William F. Deeck

LAURENCE DWIGHT SMITH – Follow This Fair Corpse. Mystery House, hardcover, 1941; Mystery Novel of the Month #29, digest-sized paperback, n.d. [1941] as The Case of the Rented Coffin.


   With a publisher, mystery-novel authors, and agents gathered for a weekend, almost anything can happen. It doesn’t help matters that the publisher is a man who doesn’t read books, who takes nude photos of his girlfriends who then often become or are other people’s girlfriends, and who suspects his wife is trying to kill him.

   The publisher invites the writers to his mansion to propose a contest in which each writer will construct a novel from the same first chapter. Acting out the first chapter himself, the publisher apparently goes further than he had planned.
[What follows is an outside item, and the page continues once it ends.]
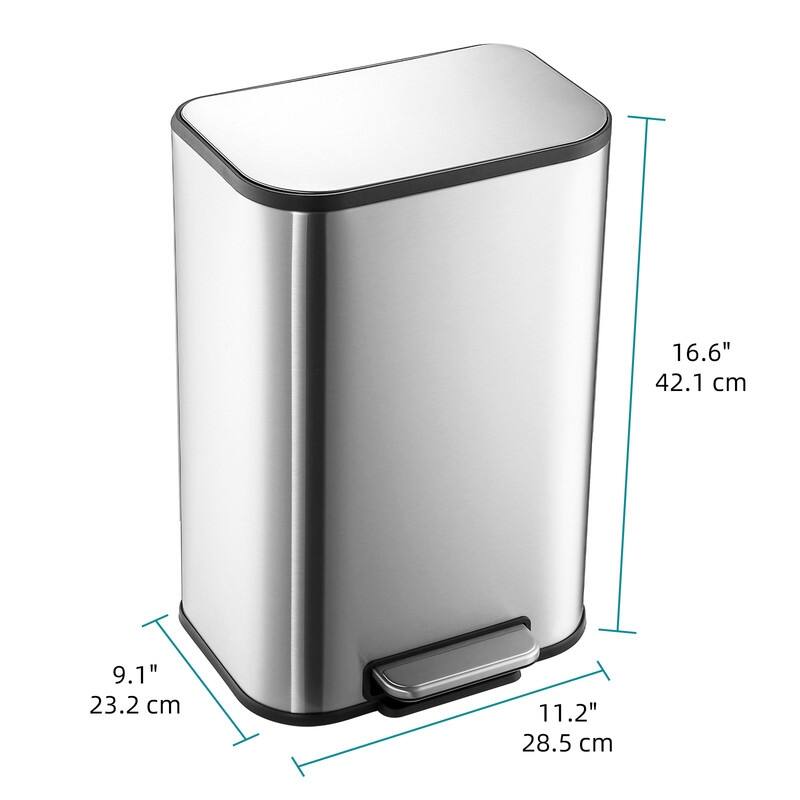 3.2 Gallon Bathroom Trash Can with Lid, 12L Stainless Steel Small Step Waste Bin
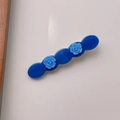 Navy blue acetate hair clip with light blue 3D rose decor in wave shape - Rose Duckbill Clip / Blue Rose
   On the scene is Dick Whelan, M.D., Smith’s series character. He is there at the behest of the police and is taking the place of a pseudonymous mystery writer who is a doctor. Not too demanding a task apparently; as a policeman remarks, “Any ass can fake being a writer.” At the end, Whelan solves a series of murders.

   This novel was not as enjoyable as I thought it would be from its amusing start; on the other hand, it’s a good mystery. In addition, there are some perhaps moot quotations about publishers — “You can’t leave anything to those damned fools!” — and detective-story writers and their work — “It’s always been a mystery to me why otherwise intelligent people read detective stories. Still, I suppose it’s no worse than going to the movies.”

— From The MYSTERY FANcier, Vol. 13, No. 2, Spring 1991.

Bibliographic Note:   The earlier case solved by Dr. Whelan was The Corpse with the Listening Ear (Mystery House, 1940).